Dietary supplements can be beneficial at any age, but they can also have unwanted side effects, such as unsafe prescription drug interactions. They could also not work at all.
What is a dietary supplement?
Dietary supplements are substances you might use to add nutrients to your diet or to lower your risk of health problems such as osteoporosis or arthritis. Dietary supplements come in the form of pills, capsules, powders, gel capsules and tablets, extracts, or liquids. They might contain vitamins, minerals, fiber, amino acids, herbs or other plants, or enzymes. Sometimes, the ingredients in dietary supplements are added to foods and drinks. A doctor’s prescription is not needed to buy dietary supplements.
Many over-the-counter dietary supplement products – particularly those used for sexual enhancement and weight loss – are tainted with undisclosed pharmaceutical ingredients. That is the key finding of my recently published review in the Journal of Clinical Pharmacology.
My assessment of the Food and Drug Administration’s Health Fraud Product Database turned up 1,068 unique dietary supplement products marketed between 2007 to 2021 that contained active ingredients found in prescription drugs or deemed too dangerous to be used in people. Among the tainted dietary supplements that my study identified, 54% were for sexual dysfunction and 35% were for weight loss. While many such products are removed from the market once detected by the FDA, other tainted dietary supplements can make their way onto the market in their place.
Why it matters?
Dietary supplements are used by 58% of U.S. adults. And according to recent surveys from the Council for Responsible Nutrition, U.S. consumers have a moderate level of confidence in the quality and safety of dietary supplements. However, my study suggests this confidence is misplaced, since numerous dietary supplement products contain unlabeled synthetic active ingredients.
So what are these hidden substances, and why do they matter?
Lurking in many of the tainted weight loss dietary supplements is the active ingredient sibutramine, which the FDA recommended removing from the U.S. market in 2010 after research showed that it increased the risk of heart attacks and strokes.

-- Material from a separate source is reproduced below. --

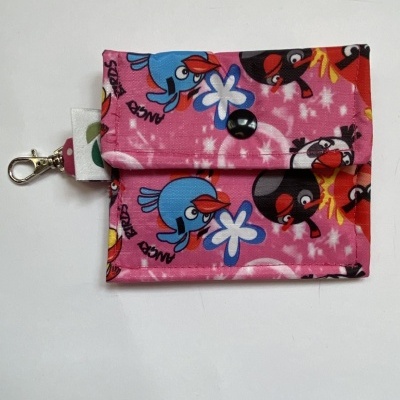 Carteira em tecido com padrão de pássaros sobre fundo cor-de-rosa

And phenolphthalein, also commonly found in weight loss dietary supplement products in the FDA database, was removed from over-the-counter laxative products in 1999 when the FDA reclassified it as “not generally recognized as safe and effective.” The FDA’s warning came after studies showed that the ingredient can damage people’s DNA and increased the risk of cancer.
My study also identified the presence of ingredients approved only for use in prescription drugs. These include sildenafil and tadalafil, which are used in FDA-approved erectile dysfunction drugs like Viagra and Cialis. Such inadvertent usages can be dangerous, since the active ingredients in these drugs come with risks like loss of vision or priapism, or prolonged penile erection. My study also documented frequent cases in which more than one active ingredient found in erectile dysfunction drugs was combined in ways that were never studied for safety.

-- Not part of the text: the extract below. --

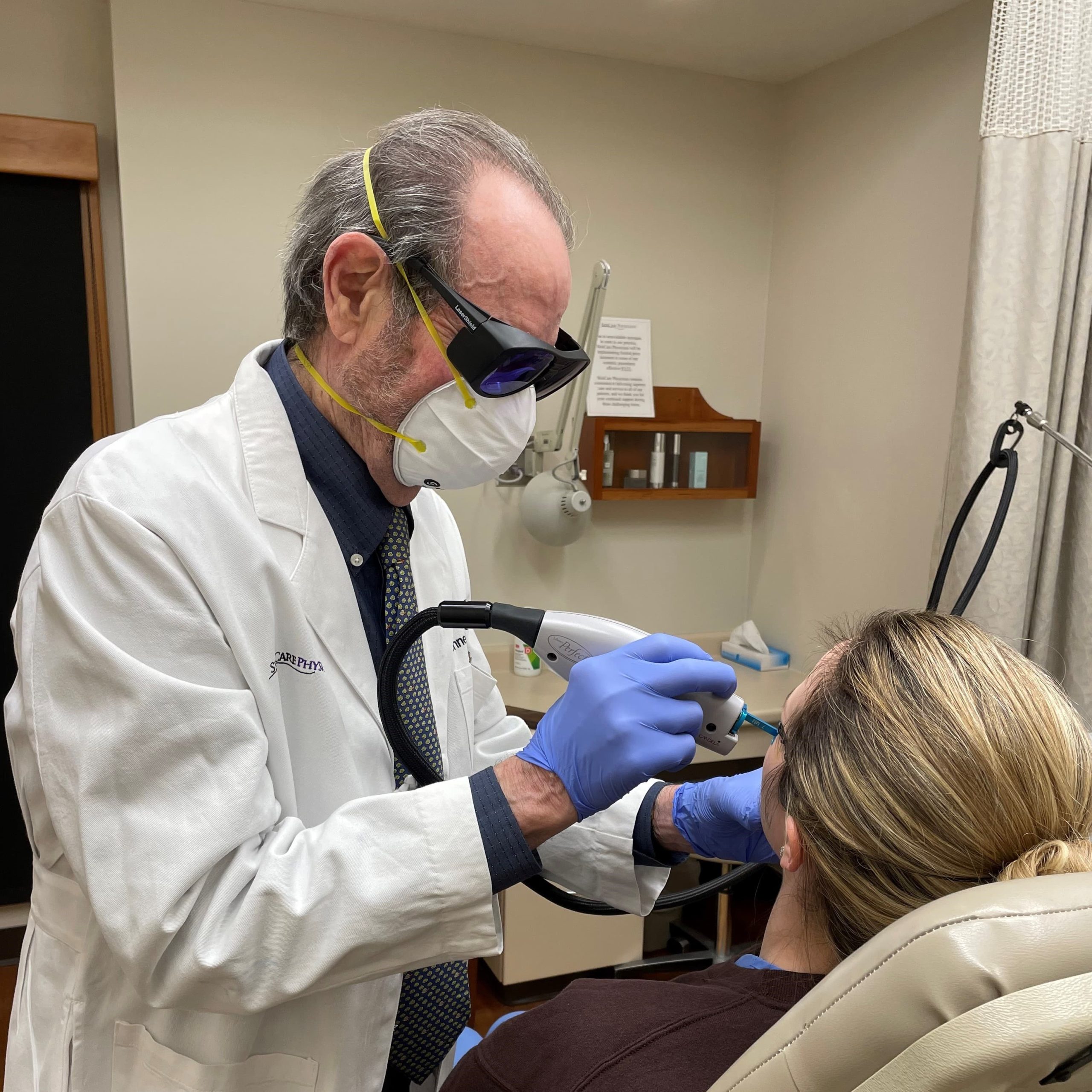 Dr. Arndt treating red cheeks with a laser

Another reason why hidden active ingredients are problematic is they pose the risk of serious drug interactions. When the active ingredients found in erectile dysfunction drugs are used with high blood pressure or prostate medications like nitrates and alpha-1 blockers, life threatening drops in blood pressure can occur.
Similarly, two of the dietary supplements identified in my study contained flibanserin, the active ingredient in the prescription drug Addyi, which is used to treat female sexual dysfunction. Flibanserin is generally safe but can severely reduce blood pressure if used with alcohol.

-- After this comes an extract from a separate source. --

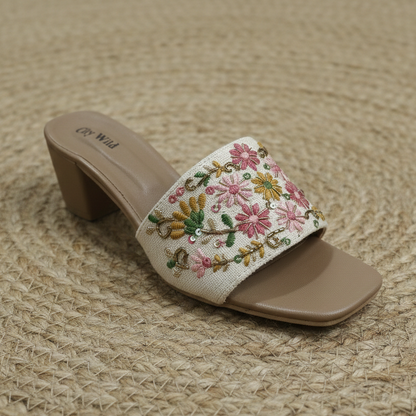 Embroidered sandal with floral design on a woven mat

Pharmacists check for these sorts of drug interactions before dispensing prescription medication. However, if undisclosed ingredients are hidden in dietary supplements, it is impossible to prevent unwanted drug interactions.
What still isn’t known
Dietary supplement manufacturers do not provide the FDA with proof of good manufacturing practices before they sell them in the U.S., and these manufacturers can alter their products with no advance notice. The FDA must prove that a dietary supplement product is unsafe before it can take action, but this is difficult to enforce when there are over 29,000 dietary supplement products being sold in the U.S.
FDA assessments are laborious and expensive because these evaluations also aim to detect other dietary supplement problems such as the presence of heavy metal or bacterial or mold contamination. The agency’s assessment process of these supplements is also deeply underfunded. The FDA alerts consumers about newly detected tainted dietary supplements through its Health Fraud Product Database while attempting to remove these products from the market.